Nusrat Chowdhury, associate professor of anthropology and sociology at Amherst College, said it was obvious to observers and residents that things could not go back to the way they were.
This was due to the violence that has gripped the country in the past two weeks, as well as “the way in which the government seemed really out of touch with what the protesters were wanting”, she said.
“At the same time, I think many of us were surprised at the haste in which the events have unfolded,” Chowdhury noted.
With the quota movement being described as a “spark that started the fire”, she pointed out that a long history and “cumulative effect of grievances and resentment” were expressed through the recent protests.

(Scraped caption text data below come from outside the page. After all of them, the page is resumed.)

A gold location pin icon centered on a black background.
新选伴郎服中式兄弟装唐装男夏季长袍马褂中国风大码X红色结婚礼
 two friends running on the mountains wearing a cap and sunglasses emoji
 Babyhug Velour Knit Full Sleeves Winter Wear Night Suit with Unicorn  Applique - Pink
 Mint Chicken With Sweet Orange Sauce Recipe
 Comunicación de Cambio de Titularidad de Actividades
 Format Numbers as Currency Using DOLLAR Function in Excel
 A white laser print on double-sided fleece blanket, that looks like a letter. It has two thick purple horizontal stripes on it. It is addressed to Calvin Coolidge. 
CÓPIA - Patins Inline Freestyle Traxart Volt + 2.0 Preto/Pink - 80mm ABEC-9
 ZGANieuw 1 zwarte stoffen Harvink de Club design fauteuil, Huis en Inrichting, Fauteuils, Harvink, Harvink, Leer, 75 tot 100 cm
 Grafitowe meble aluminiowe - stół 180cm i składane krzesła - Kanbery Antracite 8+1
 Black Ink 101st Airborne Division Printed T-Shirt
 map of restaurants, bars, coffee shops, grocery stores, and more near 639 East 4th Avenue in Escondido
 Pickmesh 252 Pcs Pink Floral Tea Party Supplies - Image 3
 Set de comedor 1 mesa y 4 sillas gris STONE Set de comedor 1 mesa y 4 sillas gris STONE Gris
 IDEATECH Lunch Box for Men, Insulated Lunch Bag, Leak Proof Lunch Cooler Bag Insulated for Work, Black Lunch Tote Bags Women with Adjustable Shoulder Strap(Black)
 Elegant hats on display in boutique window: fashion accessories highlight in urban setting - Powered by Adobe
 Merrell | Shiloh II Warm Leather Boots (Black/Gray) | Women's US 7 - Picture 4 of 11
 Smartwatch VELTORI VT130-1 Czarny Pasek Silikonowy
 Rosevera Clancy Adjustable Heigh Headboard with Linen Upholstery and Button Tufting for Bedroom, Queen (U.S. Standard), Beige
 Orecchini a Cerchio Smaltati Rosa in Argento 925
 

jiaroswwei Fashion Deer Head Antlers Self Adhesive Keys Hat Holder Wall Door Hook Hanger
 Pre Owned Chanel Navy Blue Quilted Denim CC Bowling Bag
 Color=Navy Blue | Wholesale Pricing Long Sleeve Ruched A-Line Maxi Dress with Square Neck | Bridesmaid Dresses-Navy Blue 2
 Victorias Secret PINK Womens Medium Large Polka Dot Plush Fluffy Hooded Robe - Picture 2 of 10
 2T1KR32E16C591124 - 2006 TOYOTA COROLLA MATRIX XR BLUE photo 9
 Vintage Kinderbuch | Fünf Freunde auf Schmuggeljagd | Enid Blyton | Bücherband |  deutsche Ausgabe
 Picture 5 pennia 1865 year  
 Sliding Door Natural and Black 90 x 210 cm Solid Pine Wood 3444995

The military, which will be forming an interim government, is seen as a nonpartisan institution and will have little power despite their position, said Chowdhury.
“It is also going to be very difficult for the military or any oppositional party to hijack the movement,” she said, pointing to the passion and commitment of the students who turned up to protest despite being shot at.
“If it’s a faith that the protesters in Bangladesh have placed on the military, it’s a temporary one, and they will be watching their actions very carefully.”
Mubashar Hasan, post doctoral researcher at the University of Oslo in Norway, said that it is “quite obvious” that the students would not appreciate a military rule, given that one of the key reasons for the situation in Bangladesh is that Hasina established a “creeping authoritarian rule in the country”.
“Obviously, students are sceptical about a military-led interim government, because that is also not likely to be a government that would shy away from authoritarian style of ruling,” he said.
“At the same time, negotiation would be key.”
However, permanent military rule is “certainly possible” and a risk, said Barton.
“Once the euphoria of what’s happened … dies down, people will start to worry increasingly about that,” he said.
Calling Bangladesh a “standout success story in development”, Barton added: “Hopefully the military realises they should be part of the success, rather than being blamed for it being threatened, but there needs to be new structures put in place.”
If students do not accept military rule, a civilian government could, with support from the military, work as an interim government and organise an election that is free and fair, said Hasan. He noted that Bangladesh has had experience with such a system.
Initially, a lot of hopes will be focused on former prime minister Zia, and people will look to her for leadership, said Barton.
“Hopefully, the release of this important leader, but also other political prisoners or people who are detained over political charges, will unfreeze a process of political contestation and openness,” he added.